After receiving a notification that one of its airbag inflators ruptured and injured a driver, the supplier in 2004 reportedly obtained 50 components from scrapyards. The tests reportedly confirmed potential trouble, with cracks in two if the steel inflator capsules, however the test program was brushed under the rug.
“One day, it was, ‘Pack it all up, shut the whole thing down,’” a former engineer at the company told The New York Times. “It was not standard procedure.”
Executives allegedly ordered lab staff to erase any test data from their computers, then scrap any inflators that had been included in the trial.
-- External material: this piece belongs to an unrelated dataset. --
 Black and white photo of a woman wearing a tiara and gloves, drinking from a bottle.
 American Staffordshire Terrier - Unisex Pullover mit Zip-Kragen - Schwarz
The results do not appear to have been shared with automakers or the National Highway Traffic Safety Administration.
The latest report further suggests Takata has been misleading automakers and federal investigators by claiming that manufacturing problems were resolved by 2002. Internal documents point to ongoing handling issues, including airbag exposure to moisture and machine problems that caused the propellant to become more volatile, as late as 2009.
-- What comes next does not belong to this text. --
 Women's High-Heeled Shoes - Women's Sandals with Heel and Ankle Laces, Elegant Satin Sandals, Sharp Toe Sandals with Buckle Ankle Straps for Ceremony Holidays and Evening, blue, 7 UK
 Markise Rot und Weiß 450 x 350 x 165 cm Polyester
“Claims such as these have raised additional concerns about Takata’s handling of airbag issues and are one of the reasons we’re compelling them to produce documents and answer questions, under oath,” the NHTSA said in a statement.
As the NHTSA continues to investigate the issue, the agency itself is under scrutiny over its decision to drop an earlier investigation in 2010 without pursuing any recall action or a deeper inquiry.